==== Exercise input

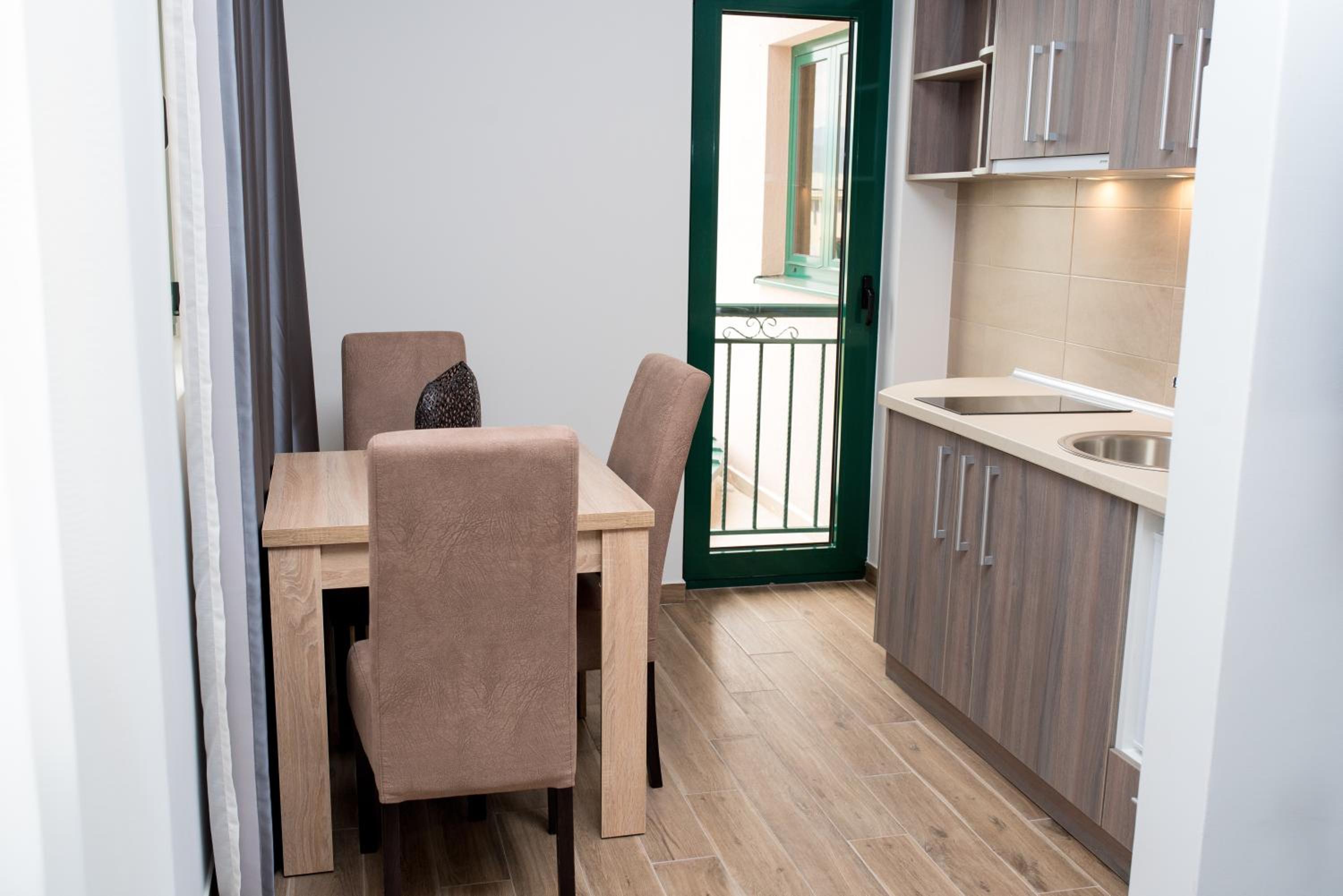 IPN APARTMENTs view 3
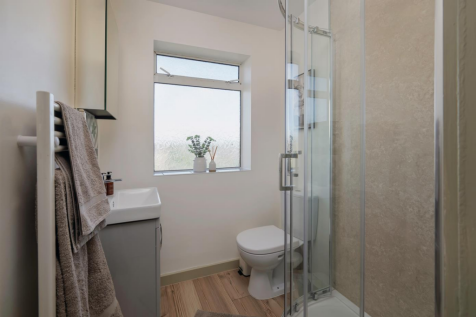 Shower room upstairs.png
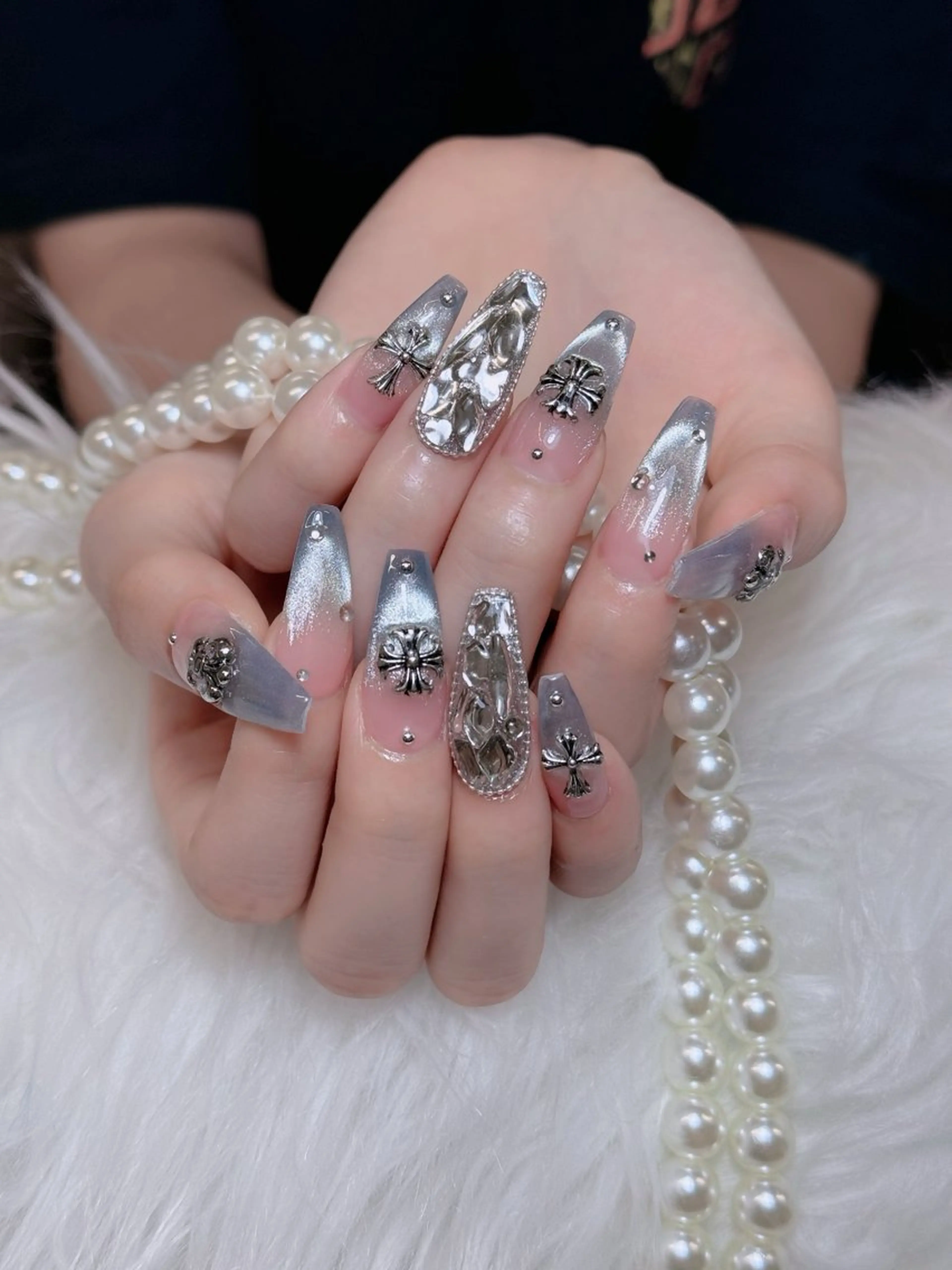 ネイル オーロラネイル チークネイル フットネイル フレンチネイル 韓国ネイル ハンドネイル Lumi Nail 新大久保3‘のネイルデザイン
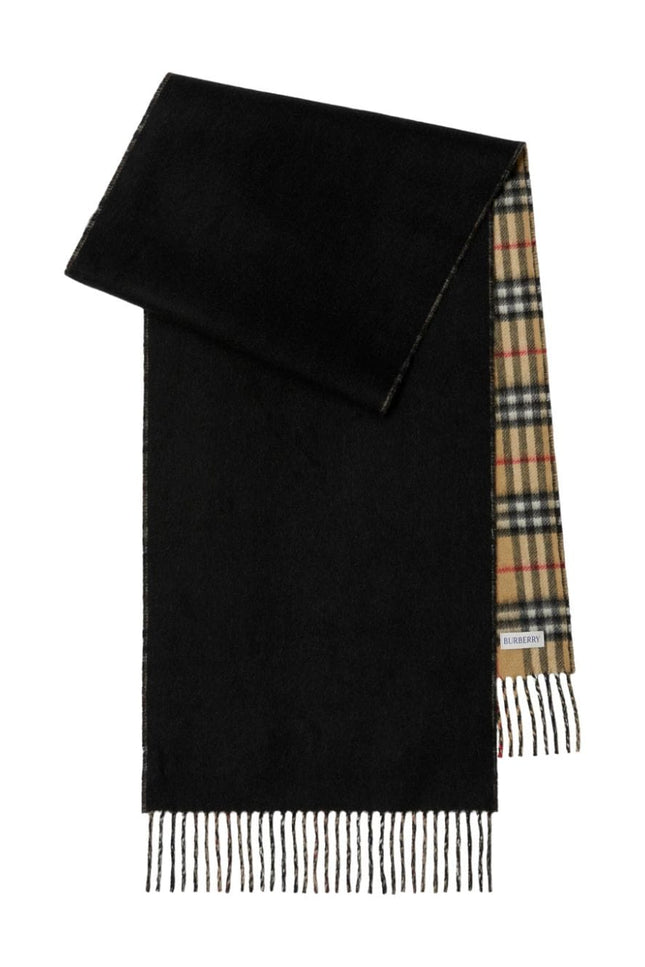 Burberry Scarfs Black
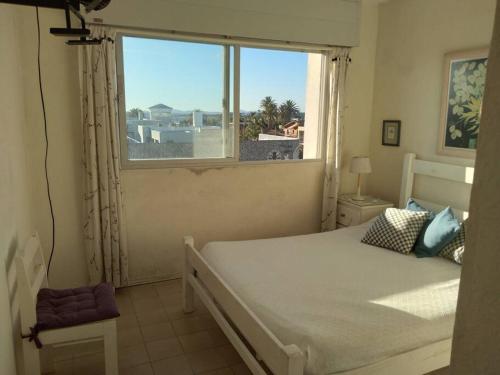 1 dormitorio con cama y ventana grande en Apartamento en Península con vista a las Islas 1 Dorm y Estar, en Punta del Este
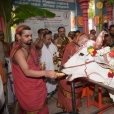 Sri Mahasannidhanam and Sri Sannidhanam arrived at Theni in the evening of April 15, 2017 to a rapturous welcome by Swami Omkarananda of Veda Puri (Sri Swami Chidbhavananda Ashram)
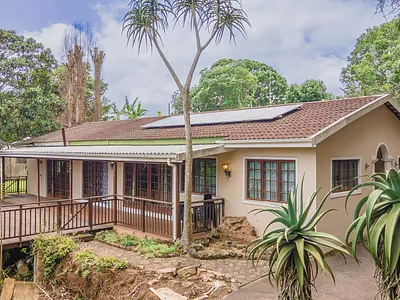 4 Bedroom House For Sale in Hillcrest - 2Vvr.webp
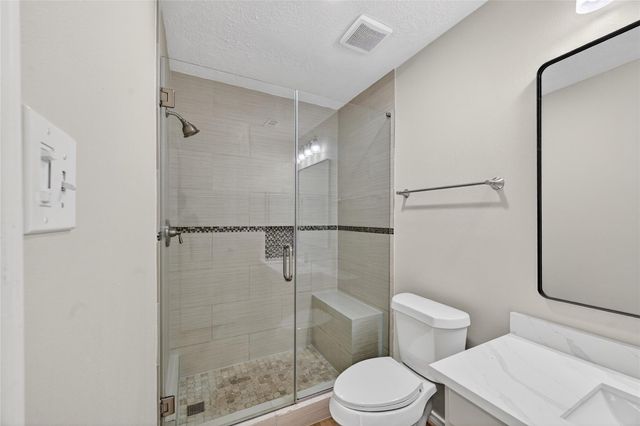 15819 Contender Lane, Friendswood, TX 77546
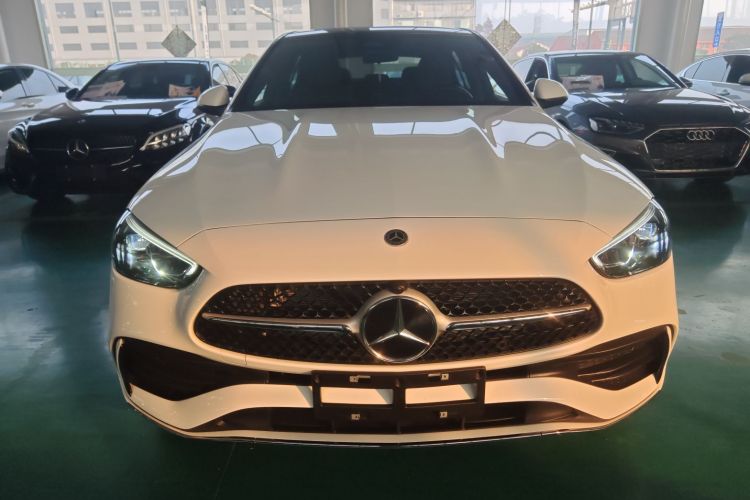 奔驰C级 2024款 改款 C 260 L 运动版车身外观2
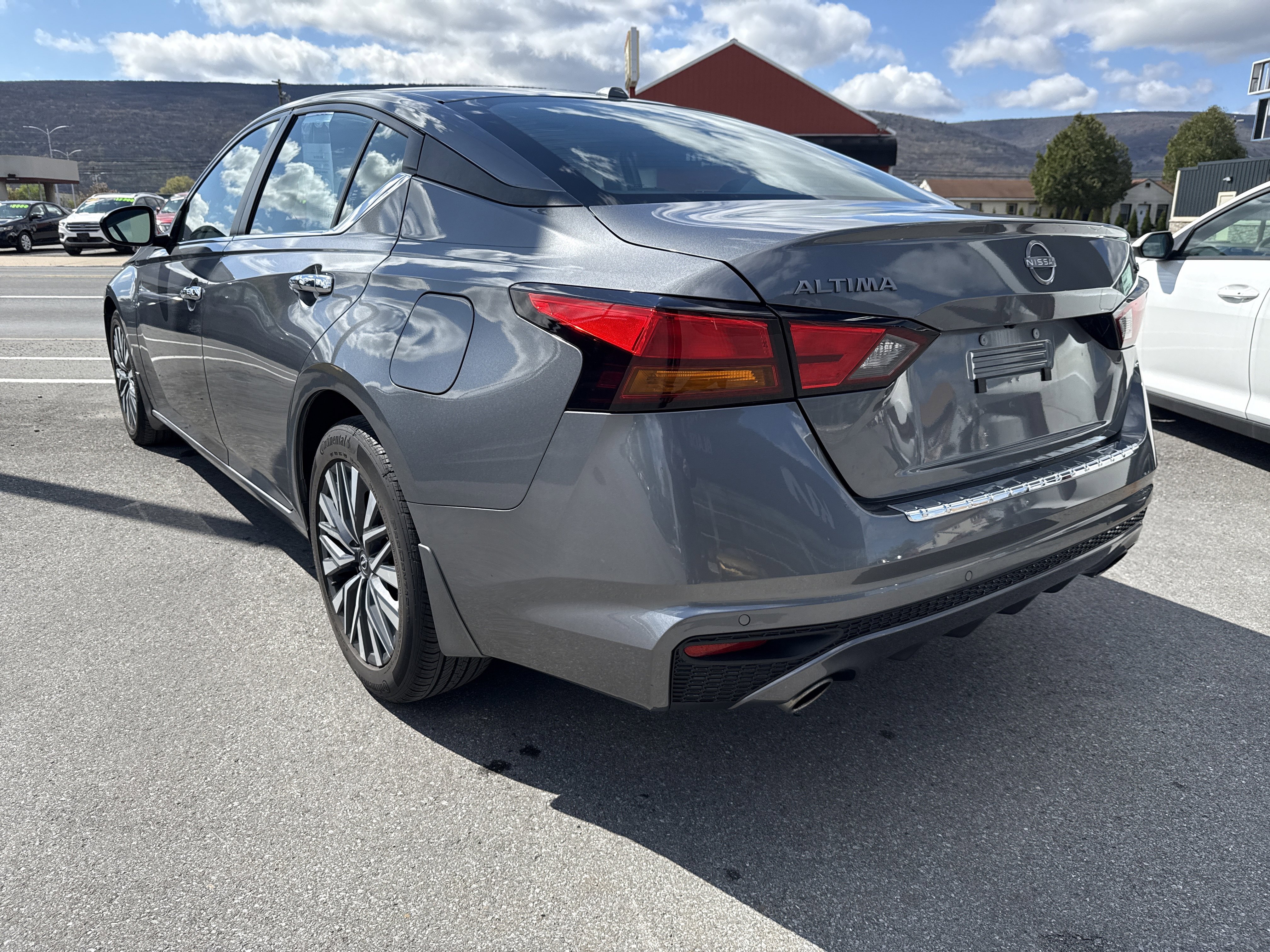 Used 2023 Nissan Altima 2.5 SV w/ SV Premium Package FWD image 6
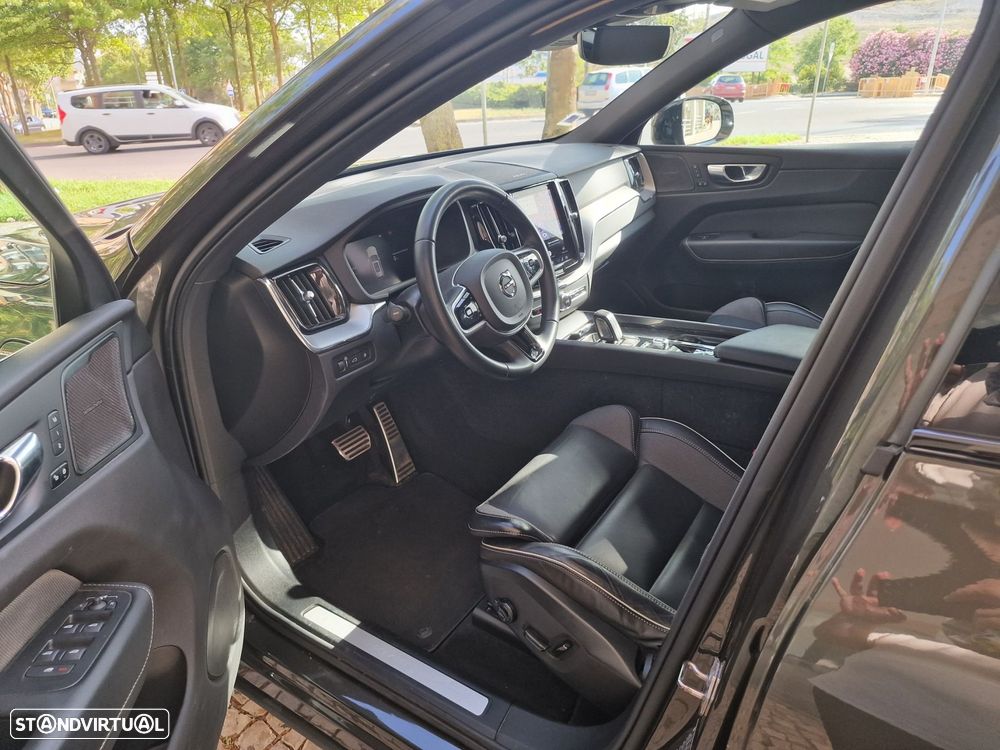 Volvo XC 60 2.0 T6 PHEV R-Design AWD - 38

========

### Task to carry out
Return every entry above exactly as written, minus the pictures.

### Answer space
 IPN APARTMENTs view 3
 Shower room upstairs.png
 ネイル オーロラネイル チークネイル フットネイル フレンチネイル 韓国ネイル ハンドネイル Lumi Nail 新大久保3‘のネイルデザイン
 Burberry Scarfs Black
 1 dormitorio con cama y ventana grande en Apartamento en Península con vista a las Islas 1 Dorm y Estar, en Punta del Este
 Sri Mahasannidhanam and Sri Sannidhanam arrived at Theni in the evening of April 15, 2017 to a rapturous welcome by Swami Omkarananda of Veda Puri (Sri Swami Chidbhavananda Ashram)
 4 Bedroom House For Sale in Hillcrest - 2Vvr.webp
 15819 Contender Lane, Friendswood, TX 77546
 奔驰C级 2024款 改款 C 260 L 运动版车身外观2
 Used 2023 Nissan Altima 2.5 SV w/ SV Premium Package FWD image 6
 Volvo XC 60 2.0 T6 PHEV R-Design AWD - 38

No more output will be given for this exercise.